Darwin mengidentifikasi tiga bentuk perjuangan untuk eksistensi.
kebuntuan intraspecific memiliki paling akut bagi. Hal ini terutama karena fakta bahwa semua individu yang membutuhkan yang sama, dan dengan demikian secara substansial sumber daya yang terbatas. Ini termasuk, khususnya, termasuk makanan, tempat tinggal, ruang tamu ruang untuk berkembang biak. Setiap jenis melekat pada perangkat yang kompleks yang dapat membantu mengurangi kemungkinan tabrakan individu (sistem yang kompleks dari hubungan hirarkis di kawanan atau, jelas menandai batas-batas wilayahnya sendiri, dan sebagainya). Pada saat yang sama, perangkat tersebut berguna untuk semua spesies secara keseluruhan, sering membawa kerugian bagi individu tertentu, menyebabkan kematian mereka. Misalnya, kelinci di defisiensi drive feed dari sebagian pesaing yang baik berjuang untuk perempuan. Perjuangan intraspecific untuk keberadaan sangat penting dalam proses evolusi. Bentrokan menewaskan wakil setidaknya disesuaikan. Ini memberikan kontribusi untuk kesejahteraan spesies secara keseluruhan menentukan perbaikannya.

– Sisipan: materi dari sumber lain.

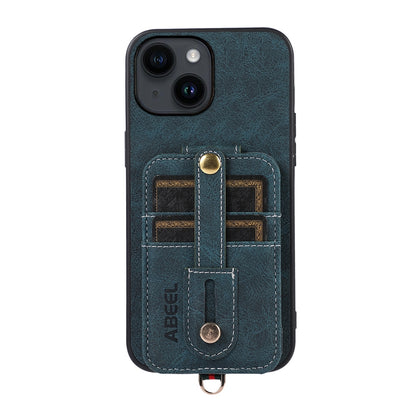 ELECTROPRIME For iPhone 15 ABEEL Litchi Texture Card Bag PU Phone Case(Blue)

Perjuangan untuk eksistensi adalah dan interspesifik. Hal ini ditandai dengan kursus akut ketika spesies termasuk dalam genus yang sama dan, sesuai, memerlukan kondisi yang sama. Sebuah contoh mungkin tikus abu-abu, yang jauh lebih besar dan lebih agresif dari hitam. Bentrokan pertama benar-benar digantikan oleh kedua dengan pemukiman manusia. Dalam hal ini tikus hitam, misalnya, memiliki kemampuan lainnya. Itu lebih baik daripada abu-abu, berjalan di tali pada kapal dari pantai dan kembali.
Sebagai contoh, di Amerika telah memperkenalkan tikus hitam Magellan dan Columbus dan Vasco da Gama membawa mereka ke Afrika. Akomodasi jenis ini di pulau-pulau Pasifik Far East kontribusi terhadap navigator. Dengan demikian, perjuangan untuk bertahan hidup telah menyebabkan fakta bahwa tikus abu-abu mendiami wilayah interior benua, dan hitam - kawasan hutan, daerah pulau dan daerah pelabuhan yang sempit.

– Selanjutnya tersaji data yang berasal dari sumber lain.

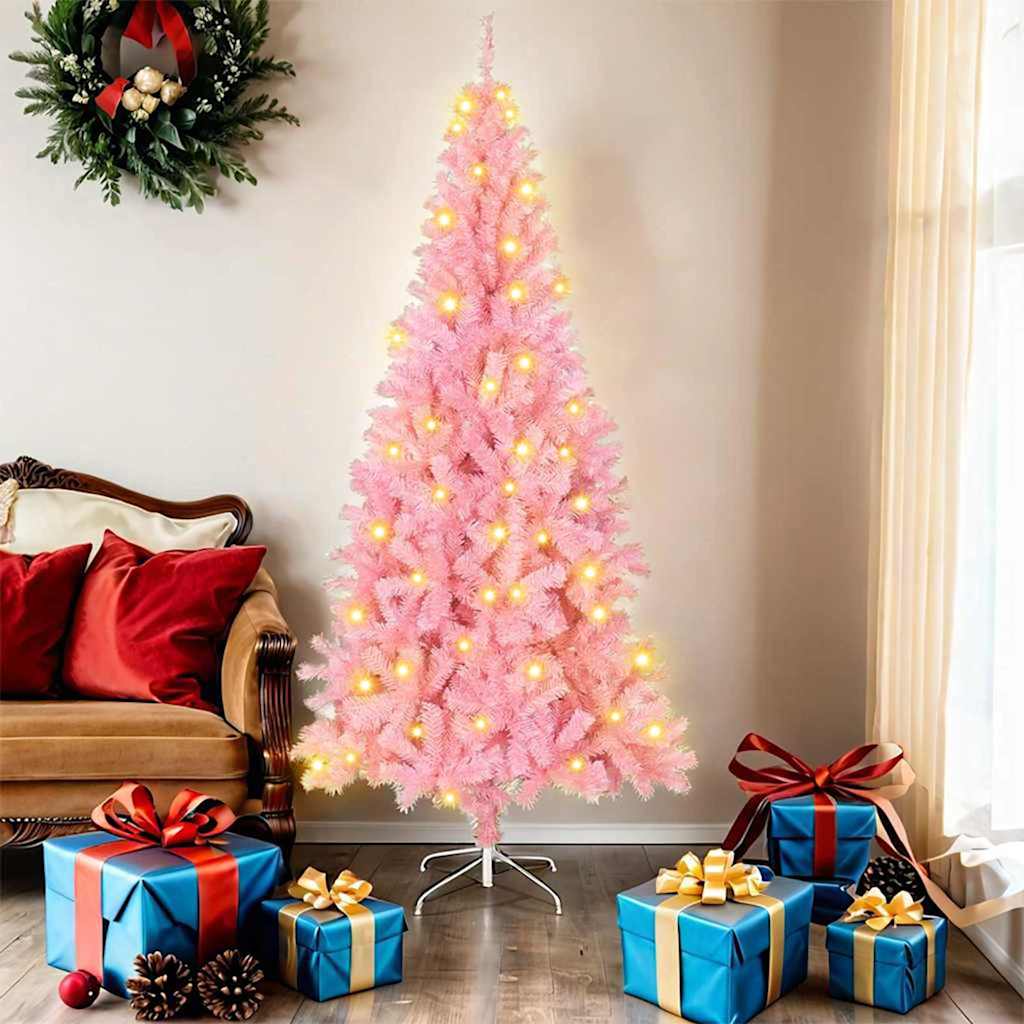 JUNG Vida Weihnachtsbaum mit 300 LEDs mit Ständer Rosa 180 cm PVC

Jenis tabrakan melibatkan penggunaan satu jenis yang lain secara sepihak. Hubungan ini dibangun sesuai dengan "predator-mangsa", "herbivora-tanaman", "host-parasit". Hubungan ini memiliki dampak yang signifikan pada perjuangan intraspesifik. Dengan demikian, misalnya, predator fox meningkatkan persaingan dalam spesies kelinci (korban). Pertarungan menang, hanya orang-orang yang mampu berlari cepat, baik membingungkan jejak. Pada saat yang sama bertahan hidup pemburu yang baik di antara rubah.

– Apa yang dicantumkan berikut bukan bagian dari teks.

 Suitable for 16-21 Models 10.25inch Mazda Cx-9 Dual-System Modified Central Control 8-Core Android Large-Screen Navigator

Perjuangan untuk eksistensi dapat menguntungkan salah satu spesies dengan yang lain, tanpa mengorbankan dirinya. Misalnya, mamalia dan burung membubarkan biji dan buah. Ini memegang saling penyesuaian spesies individu satu sama lain (misalnya, penyerbukan dan bunga). Sebagai hasil dari pertarungan mempromosikan evolusi dari dua jenis, hal itu menyebabkan terjadinya saling adaptasi.
Memperkuat perjuangan dalam suatu spesies adalah efek yang signifikan dan konfrontasi lingkungan yang bermusuhan alam anorganik. Hal ini terjadi terutama pada kenyataan bahwa individu dalam suatu spesies bersaing untuk panas, cahaya, makanan, dan banyak lagi. Sebagai contoh, di tundra adalah bentuk pohon kerdil, tetapi mereka tidak bersaing dengan tanaman lain. Para pemenang adalah orang yang paling layak, orang-orang dengan metabolisme yang paling efisien terjadi, dan proses fisiologis lainnya. Jika ada transfer dari fitur biologis warisan, itu mengarah ke peningkatan kemampuan beradaptasi.